(The input)
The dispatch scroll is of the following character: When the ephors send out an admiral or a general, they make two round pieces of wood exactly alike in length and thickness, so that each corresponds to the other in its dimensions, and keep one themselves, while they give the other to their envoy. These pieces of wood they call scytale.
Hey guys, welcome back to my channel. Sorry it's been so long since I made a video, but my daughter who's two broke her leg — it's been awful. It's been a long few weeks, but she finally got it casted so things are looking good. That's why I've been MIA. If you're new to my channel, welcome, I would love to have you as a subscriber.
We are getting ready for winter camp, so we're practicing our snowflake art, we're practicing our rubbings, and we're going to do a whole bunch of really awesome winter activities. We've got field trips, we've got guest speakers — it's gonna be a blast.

* * *

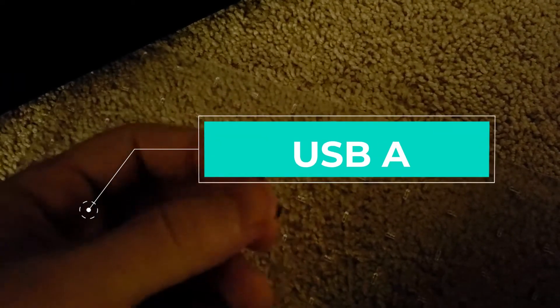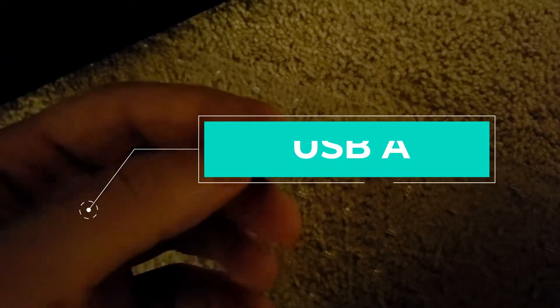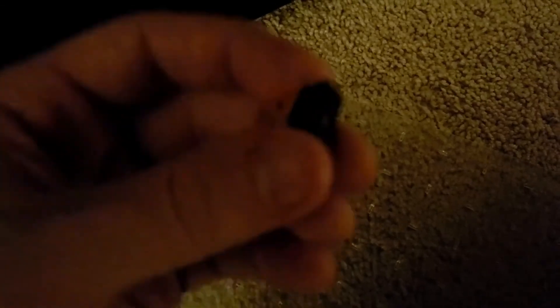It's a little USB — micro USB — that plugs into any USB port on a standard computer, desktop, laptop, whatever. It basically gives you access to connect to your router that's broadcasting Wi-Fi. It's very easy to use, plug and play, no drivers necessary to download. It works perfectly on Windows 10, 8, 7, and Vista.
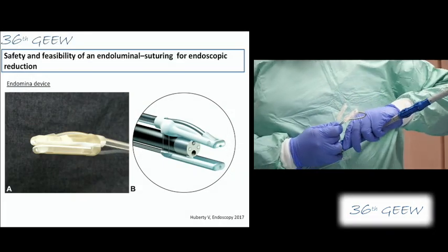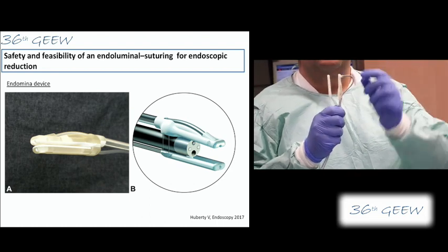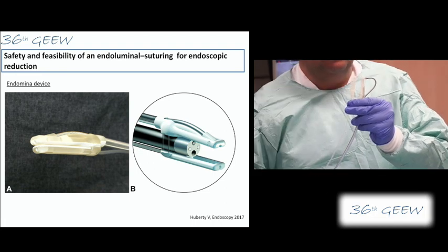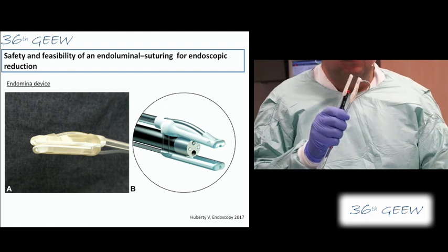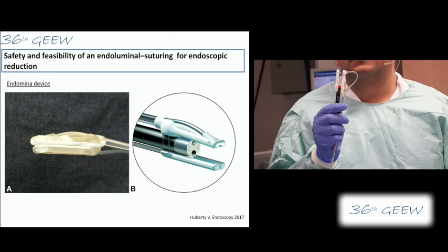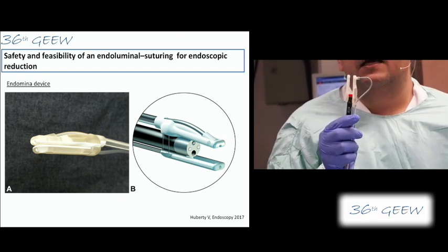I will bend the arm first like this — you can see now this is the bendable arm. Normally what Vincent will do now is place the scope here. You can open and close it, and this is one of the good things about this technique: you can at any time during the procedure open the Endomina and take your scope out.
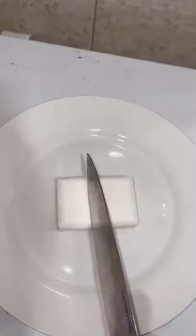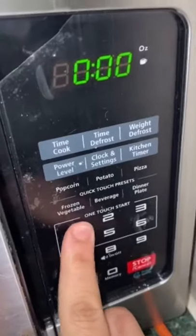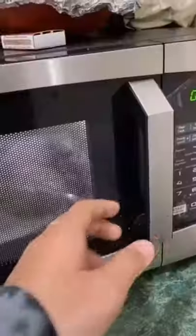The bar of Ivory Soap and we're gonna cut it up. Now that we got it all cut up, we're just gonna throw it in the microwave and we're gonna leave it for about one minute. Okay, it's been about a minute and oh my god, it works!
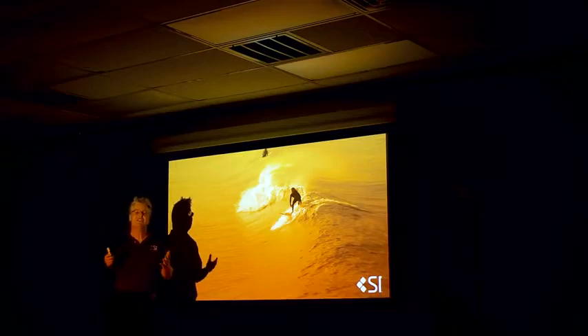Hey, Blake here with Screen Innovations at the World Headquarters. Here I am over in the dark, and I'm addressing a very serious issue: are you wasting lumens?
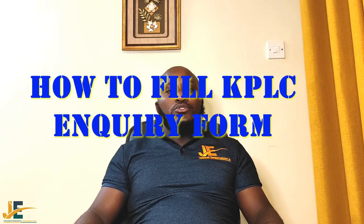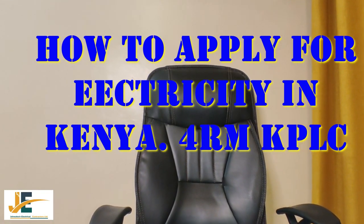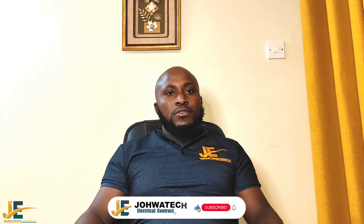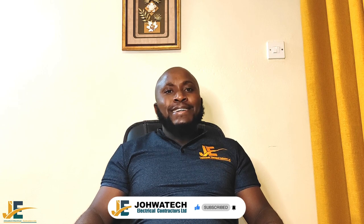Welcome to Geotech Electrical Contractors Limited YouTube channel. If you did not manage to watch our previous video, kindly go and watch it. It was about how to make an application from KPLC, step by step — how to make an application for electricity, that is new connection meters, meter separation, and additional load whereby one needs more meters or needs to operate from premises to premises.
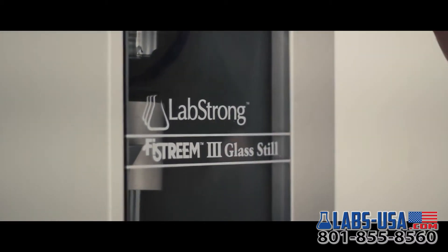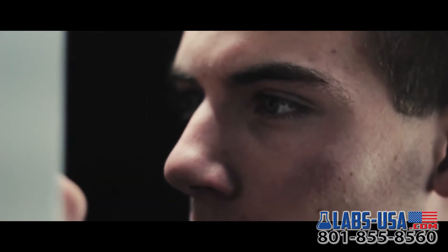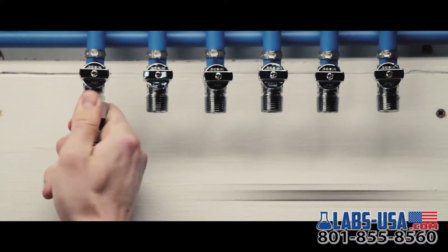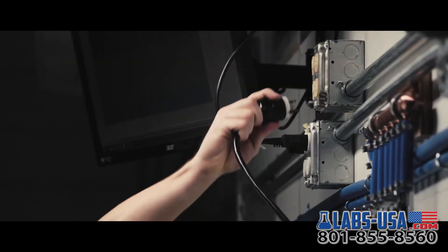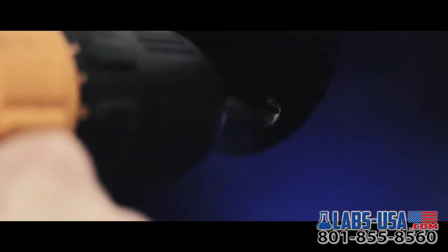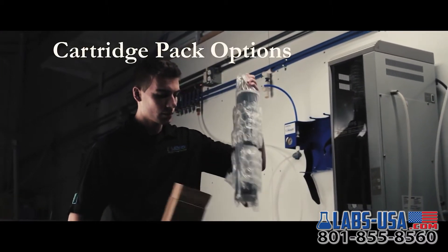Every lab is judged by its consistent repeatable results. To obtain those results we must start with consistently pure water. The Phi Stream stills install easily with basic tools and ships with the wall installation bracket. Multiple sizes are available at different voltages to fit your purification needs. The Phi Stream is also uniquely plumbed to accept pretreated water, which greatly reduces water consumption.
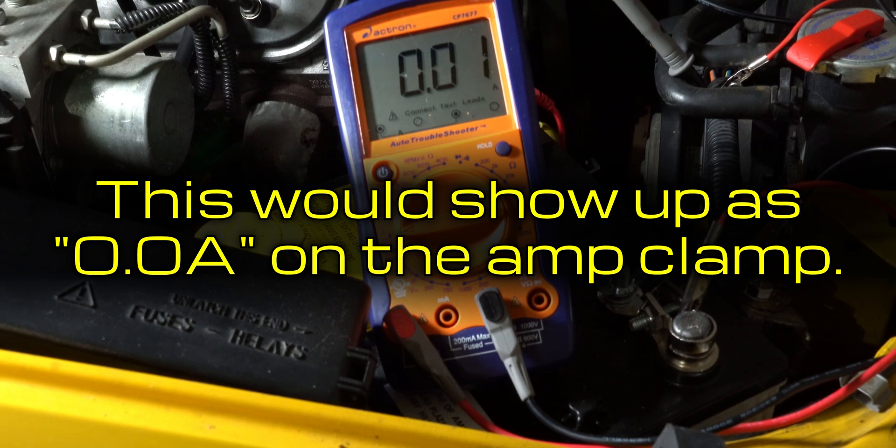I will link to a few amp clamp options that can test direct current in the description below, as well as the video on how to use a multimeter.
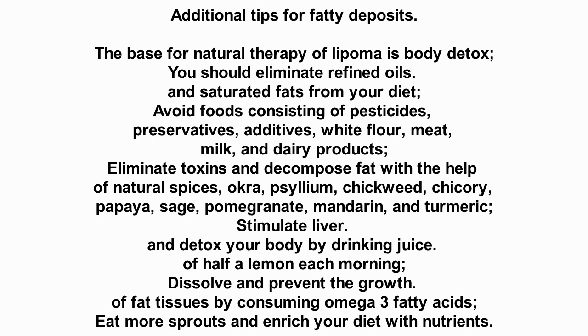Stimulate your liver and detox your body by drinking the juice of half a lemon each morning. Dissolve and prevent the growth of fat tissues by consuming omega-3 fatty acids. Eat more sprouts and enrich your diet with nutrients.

(What is required) Scan the lines above for "The dispatch scroll" and for "Hey guys, welcome". Repeat exactly the line holding each of them and every line in between.

(Output of the task)
The dispatch scroll is of the following character: When the ephors send out an admiral or a general, they make two round pieces of wood exactly alike in length and thickness, so that each corresponds to the other in its dimensions, and keep one themselves, while they give the other to their envoy. These pieces of wood they call scytale.
Hey guys, welcome back to my channel. Sorry it's been so long since I made a video, but my daughter who's two broke her leg — it's been awful. It's been a long few weeks, but she finally got it casted so things are looking good. That's why I've been MIA. If you're new to my channel, welcome, I would love to have you as a subscriber.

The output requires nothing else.